* **DATASET EXTRACT**
"""

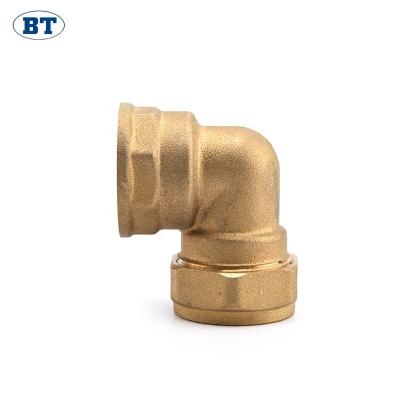 China BT6022 Water Galvanized Brass Copper Threaded Welded Y Pipe Fitting for sale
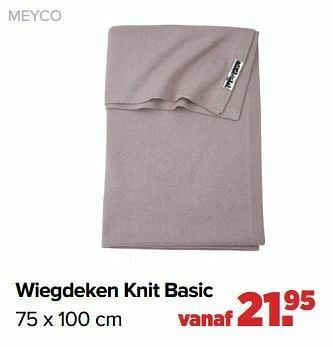 Baby-Dump Wiegdeken knit basic aanbieding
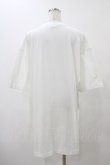 画像2: NieR CLOTHING / プリントCOTTON CUTSEW XXXL ホワイト H-25-12-12-045-PU-TO-KB-ZT368 (2)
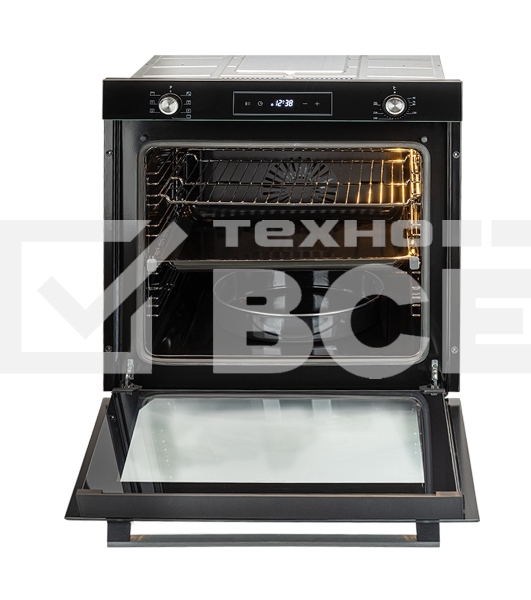 Электрический духовой шкаф Simfer B6EB56026, встраиваемый, черный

"""

* **TASK DIRECTIONS**
Everything from the line with "Baby-Dump Wiegdeken knit basic aanbieding" through the final line of the material is to be returned exactly, both ends included, apart from the pictures.

* **SOLUTION FOR THIS TASK**
 Baby-Dump Wiegdeken knit basic aanbieding
 画像2: NieR CLOTHING / プリントCOTTON CUTSEW XXXL ホワイト H-25-12-12-045-PU-TO-KB-ZT368 (2)
 Электрический духовой шкаф Simfer B6EB56026, встраиваемый, черный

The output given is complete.